The Royal Society of Literature comprises more than 600 Fellows, who are entitled to use the post-nominal letters FRSL.

New fellows of the Royal Society of Literature are elected by its current fellows. To be nominated for fellowship, a writer must have published two works of literary merit, and nominations must be seconded by an RSL fellow. All nominations are presented to members of the Council of the Royal Society of Literature, who vote biannually to elect new fellows. Nominated candidates who have not been successful are reconsidered at every election for three years from the year in which they were proposed. Newly elected fellows are introduced at the Society's AGM and summer party.
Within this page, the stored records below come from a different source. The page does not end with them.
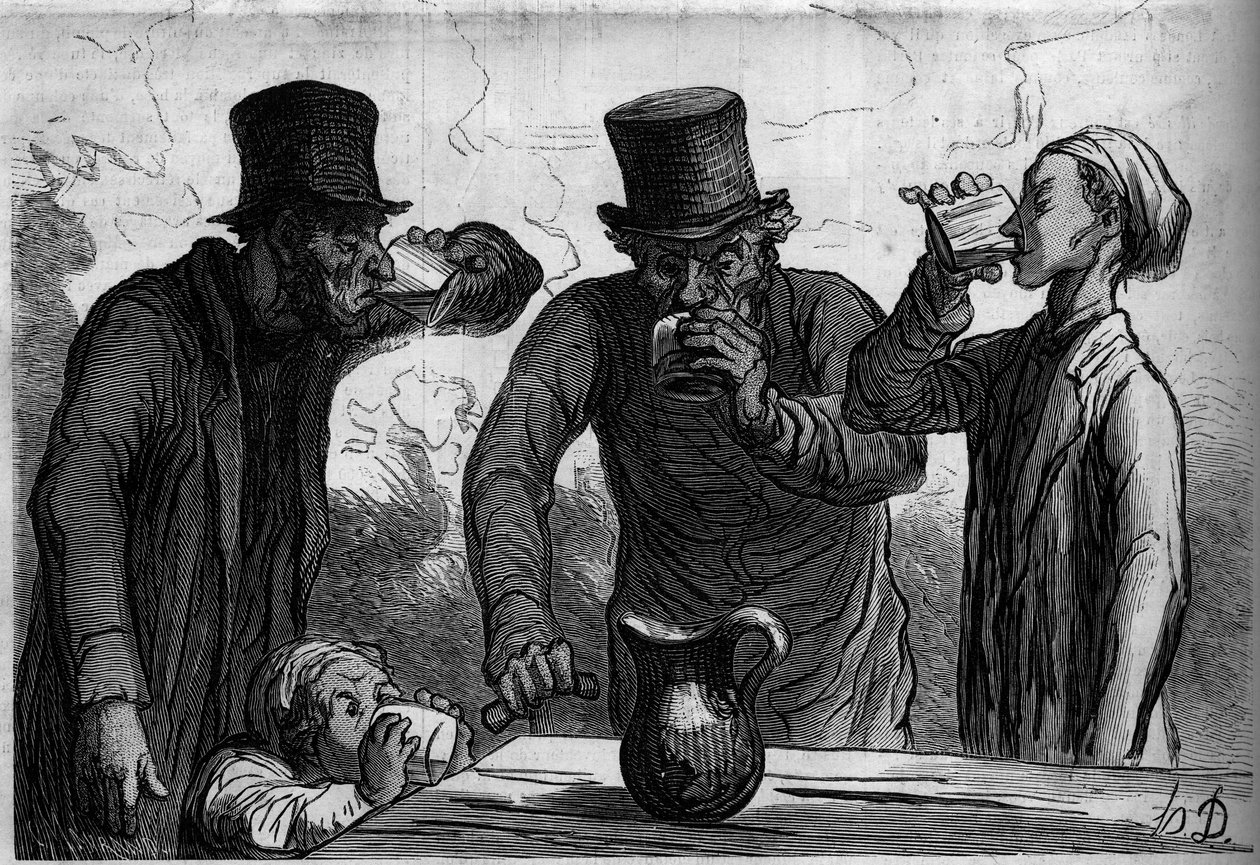 Fysiologie van de drinker: de vier leeftijden. Cartoon door Honoré Daumier. Gravure in 
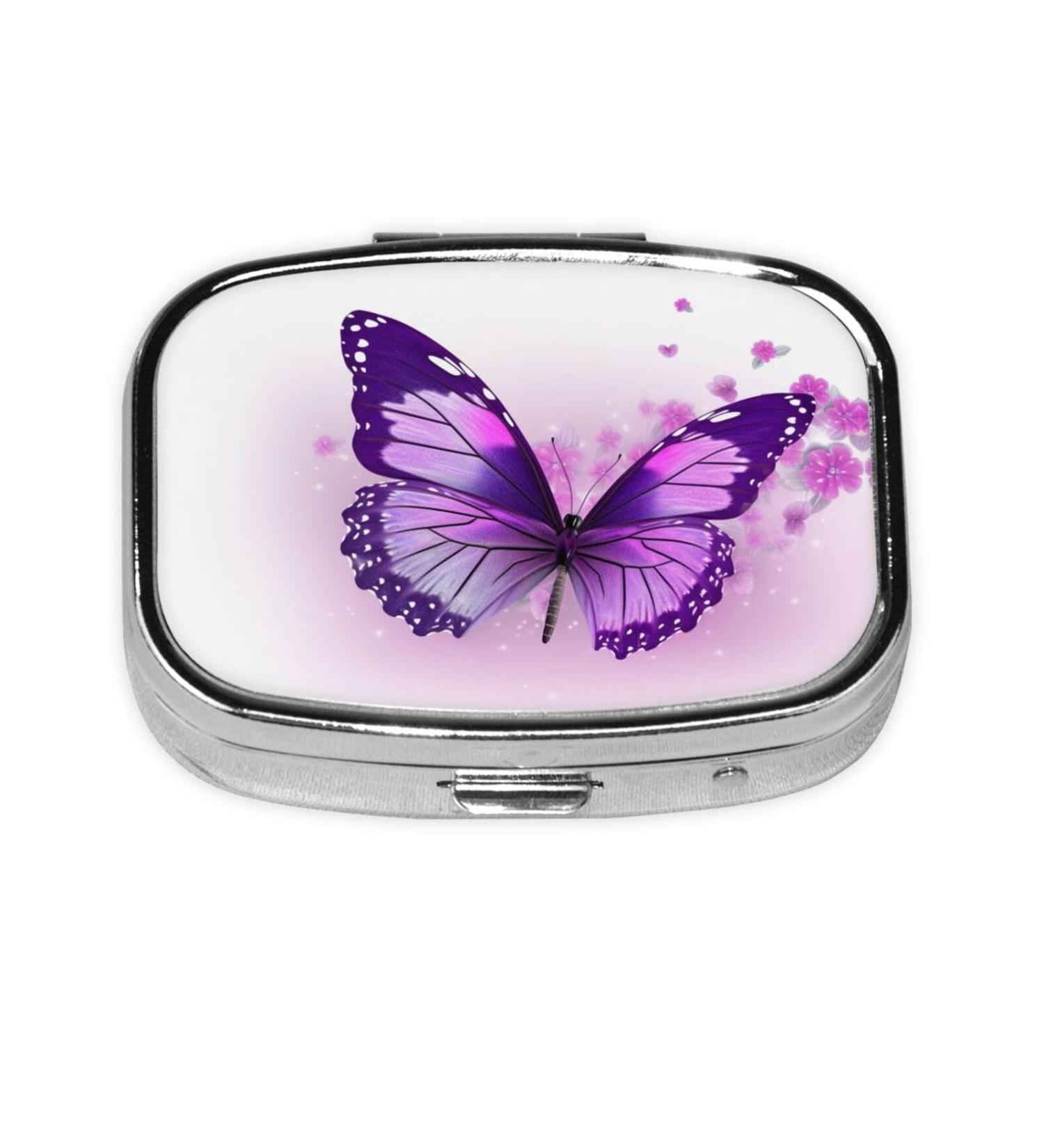 Purple Butterfly 2 Compartment Small Pill Case - Cute Travel Pill Organizer for Purse & Pocket Gifts - Buy Online on GoSupps.com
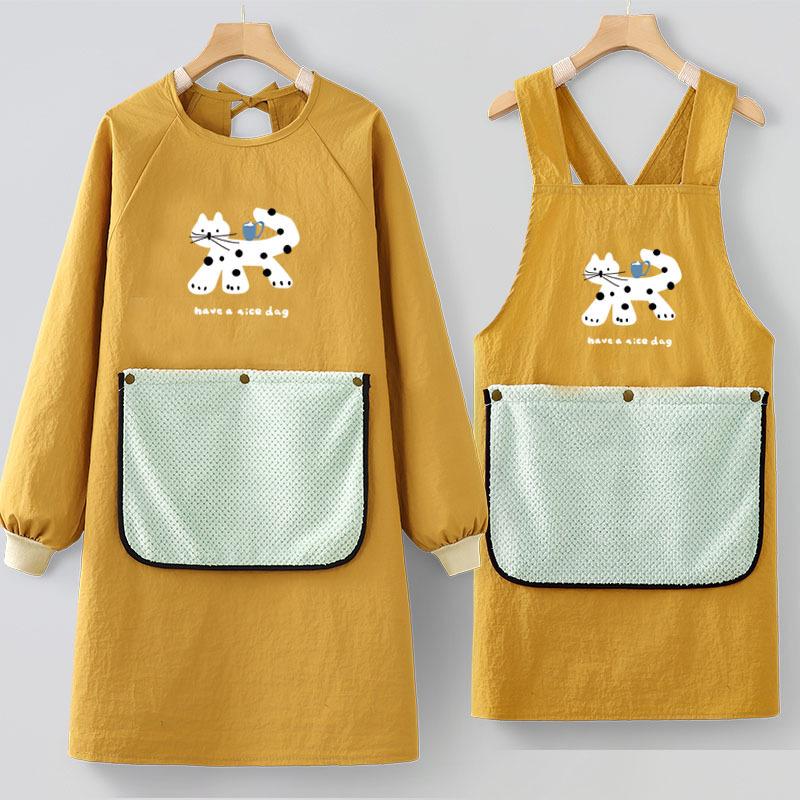 Waterproof Cartoon Kitchen Apron - Oil-Proof, Breathable, Wipeable, All-Season Cooking Coveralls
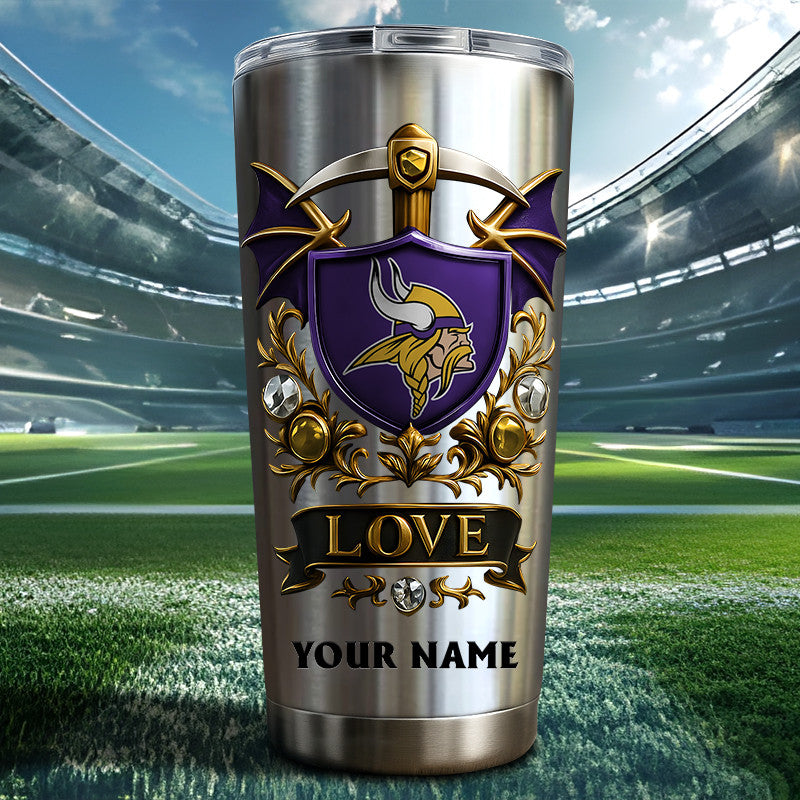 NFL Stainless Steel Tumbler New Style Personalized Any Name Special Gift For Fans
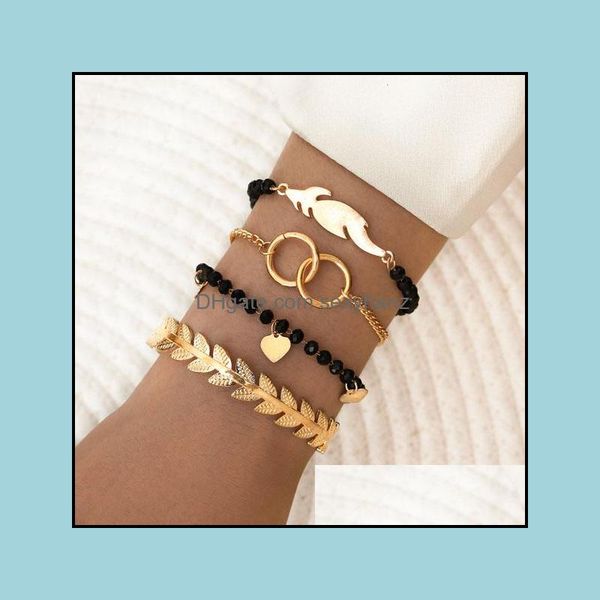 charm bracelets jewelry s1651 fashion 4pcs/set bracelet double ring heart pendant beads bangle set drop delivery 2021 xw7ac, Golden;silver
charm bracelets jewelry s1651 fashion 4pcs/set bracelet double ring heart pendant beads bangle set drop delivery 2021 xw7ac, Golden;silver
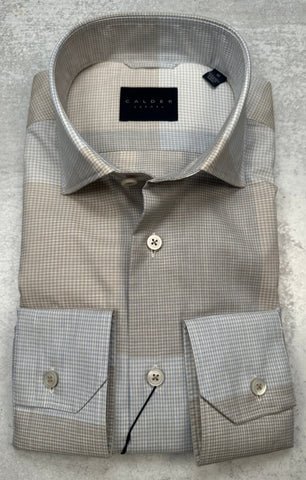 Calder Carmel Luxury Melange Poplin Check Sport Shirt in Sand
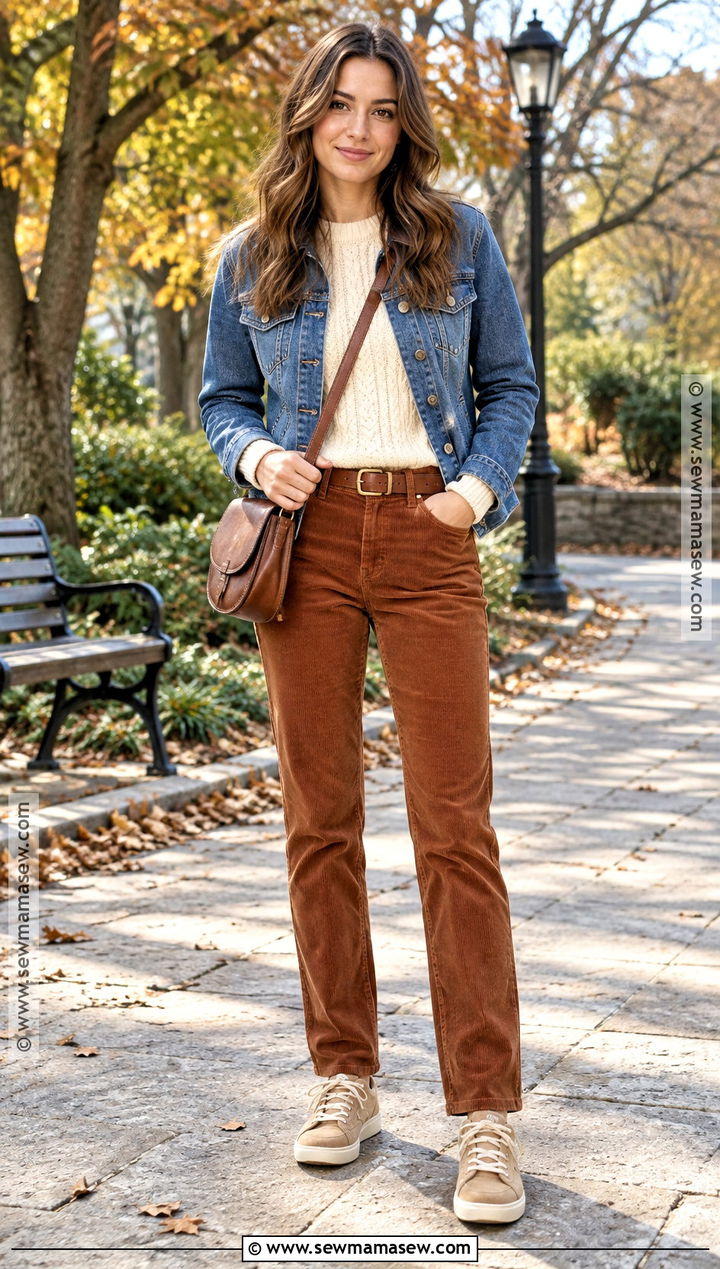 Corduroy Pants And Suede Sneakers Fall Outfit - 25 fall outfits with sneakers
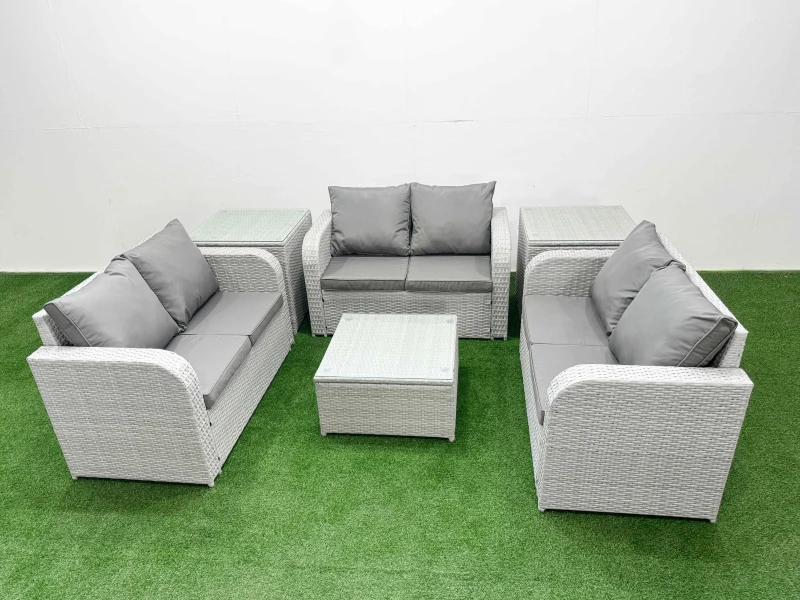 Image of Fimous 6 Seater PE Wicker Rattan Furniture Sofa Sets with Square Coffee Table 2 Seater Love Sofa 2 Side Table Light Grey Light Grey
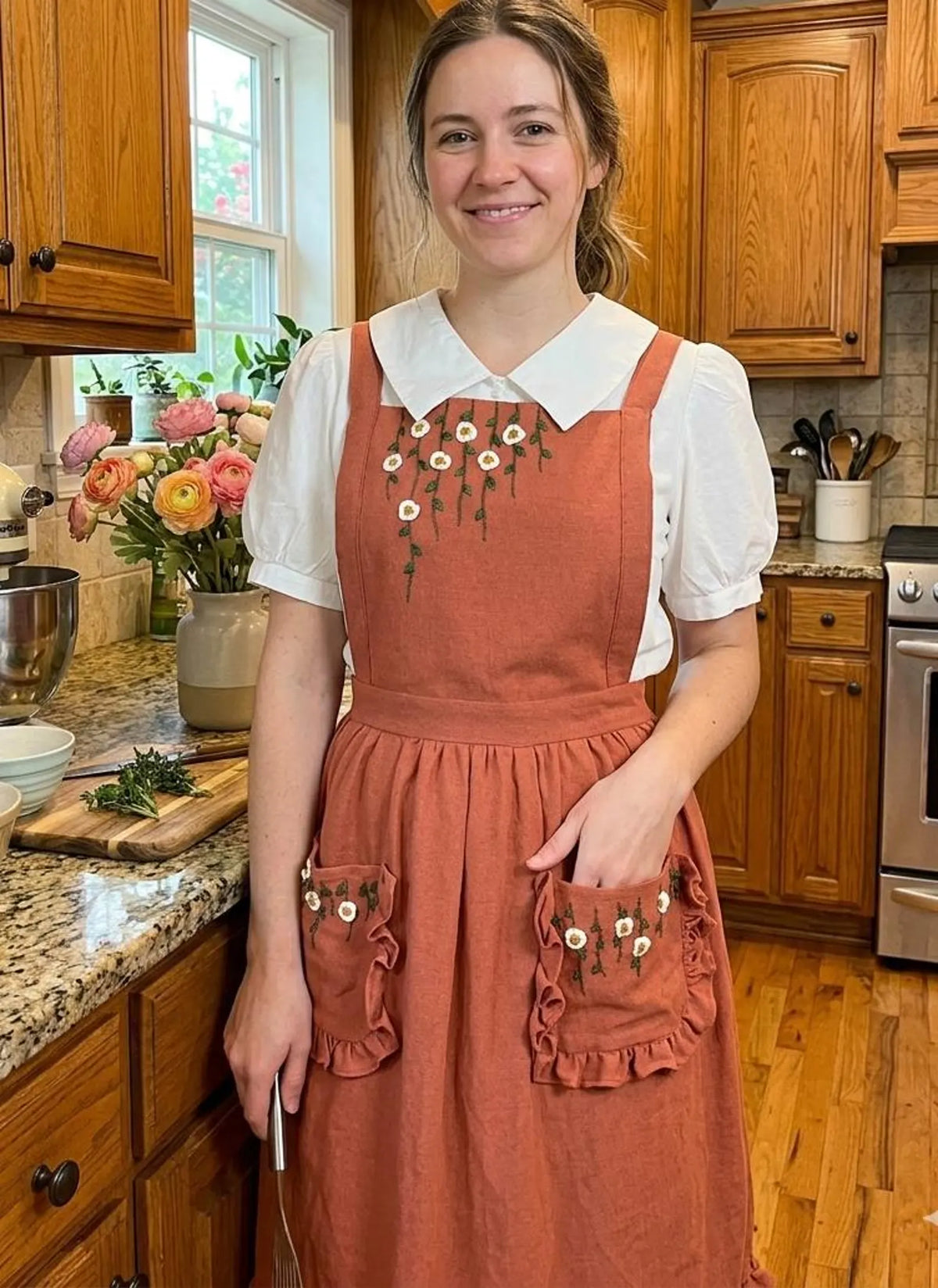 A woman wearing a rust ruffled linen apron with white floral embroidery in a kitchen — hand-embroidered by The Thread Nest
While the President reads a citation for each, they are invited to sign their names in the roll book which dates back to 1820, using either T. S. Eliot's fountain pen or Byron's pen. In 2013, Charles Dickens' quill was retired and replaced with Eliot's fountain pen, and in 2018 George Eliot's pen was offered as a choice, the first time in the RSL's history that a pen that belonged to a woman writer was an option. 

In 2018, the RSL honoured the achievements of Britain's younger writers through the initiative "40 Under 40", which saw the election of 40 new fellows aged under 40.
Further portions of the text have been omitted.